Segment Start: MATERIAL FOR THE TASK

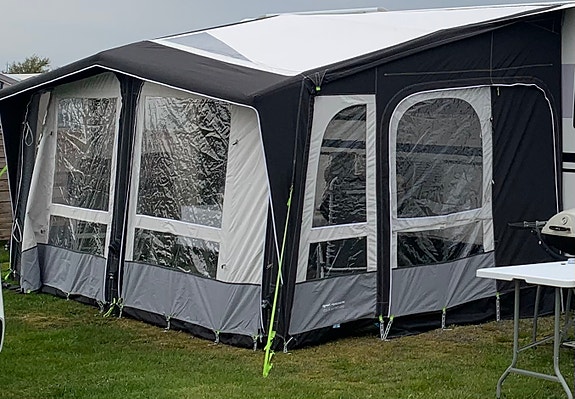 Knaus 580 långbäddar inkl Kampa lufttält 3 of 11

Segment End: MATERIAL FOR THE TASK
Segment Start: MATERIAL FOR THE TASK

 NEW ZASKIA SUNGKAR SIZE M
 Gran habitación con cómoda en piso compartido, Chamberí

Segment End: MATERIAL FOR THE TASK
Segment Start: MATERIAL FOR THE TASK

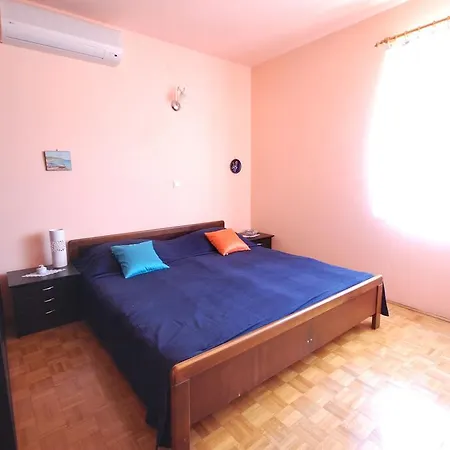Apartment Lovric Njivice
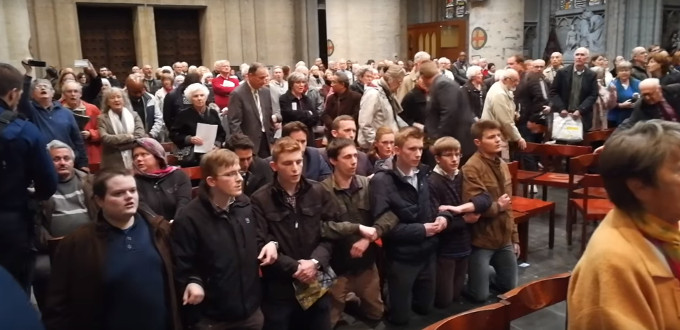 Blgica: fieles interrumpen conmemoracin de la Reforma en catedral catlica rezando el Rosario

Segment End: MATERIAL FOR THE TASK

■ **WORK TASK**:
Go to the line above that contains "Apartment Lovric Njivice" and reproduce everything exactly from there through the line that contains "Blgica: fieles interrumpen", leaving out the pictures.

■ **WRITTEN ANSWER**:
Apartment Lovric Njivice
 Blgica: fieles interrumpen conmemoracin de la Reforma en catedral catlica rezando el Rosario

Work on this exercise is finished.